▶ **Task material**
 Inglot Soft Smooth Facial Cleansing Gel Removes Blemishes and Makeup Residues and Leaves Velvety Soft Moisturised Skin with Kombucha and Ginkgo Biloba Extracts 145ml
--
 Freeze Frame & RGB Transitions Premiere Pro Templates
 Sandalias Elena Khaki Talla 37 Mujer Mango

▶ **What you are asked to do**
Repeat exactly the lines above from the one with "Freeze Frame &" up to and including the one with "Sandalias Elena Khaki Talla 37 Mujer Mango". No other line belongs in the reply.

▶ **Solution**
 Freeze Frame & RGB Transitions Premiere Pro Templates
 Sandalias Elena Khaki Talla 37 Mujer Mango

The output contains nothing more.